== TASK STATEMENT ==
Your answer must consist solely of the lines from the start of the entries below through the line with "2026 Jeep Grand", unchanged.

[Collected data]

◆ ◆ ◆ ◆

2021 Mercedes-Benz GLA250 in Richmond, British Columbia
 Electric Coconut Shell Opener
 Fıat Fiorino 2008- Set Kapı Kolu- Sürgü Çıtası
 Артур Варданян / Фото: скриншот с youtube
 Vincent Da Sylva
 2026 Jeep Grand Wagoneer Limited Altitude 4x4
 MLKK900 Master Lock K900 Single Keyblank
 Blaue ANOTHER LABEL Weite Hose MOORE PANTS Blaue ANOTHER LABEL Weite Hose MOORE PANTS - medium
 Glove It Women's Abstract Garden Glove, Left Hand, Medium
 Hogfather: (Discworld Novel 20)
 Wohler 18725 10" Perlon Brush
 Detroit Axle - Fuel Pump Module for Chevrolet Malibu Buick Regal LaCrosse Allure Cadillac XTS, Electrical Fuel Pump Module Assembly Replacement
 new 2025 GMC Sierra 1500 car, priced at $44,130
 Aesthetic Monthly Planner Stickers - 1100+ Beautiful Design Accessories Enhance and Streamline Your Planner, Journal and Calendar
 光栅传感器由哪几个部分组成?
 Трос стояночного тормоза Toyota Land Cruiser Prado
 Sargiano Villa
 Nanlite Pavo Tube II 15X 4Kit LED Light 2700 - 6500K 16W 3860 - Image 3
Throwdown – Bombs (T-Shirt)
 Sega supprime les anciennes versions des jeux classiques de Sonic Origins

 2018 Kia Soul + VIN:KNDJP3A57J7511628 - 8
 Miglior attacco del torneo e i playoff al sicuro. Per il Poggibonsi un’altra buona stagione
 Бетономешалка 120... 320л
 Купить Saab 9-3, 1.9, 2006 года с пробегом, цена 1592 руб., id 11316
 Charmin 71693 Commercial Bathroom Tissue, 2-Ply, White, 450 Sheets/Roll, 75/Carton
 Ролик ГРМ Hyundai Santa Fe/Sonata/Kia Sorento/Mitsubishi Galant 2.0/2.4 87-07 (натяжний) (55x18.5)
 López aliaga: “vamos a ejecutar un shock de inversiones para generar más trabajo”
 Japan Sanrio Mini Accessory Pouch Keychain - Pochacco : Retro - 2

◆ ◆ ◆ ◆

== ANSWER TO THE PROBLEM ==
2021 Mercedes-Benz GLA250 in Richmond, British Columbia
 Electric Coconut Shell Opener
 Fıat Fiorino 2008- Set Kapı Kolu- Sürgü Çıtası
 Артур Варданян / Фото: скриншот с youtube
 Vincent Da Sylva
 2026 Jeep Grand Wagoneer Limited Altitude 4x4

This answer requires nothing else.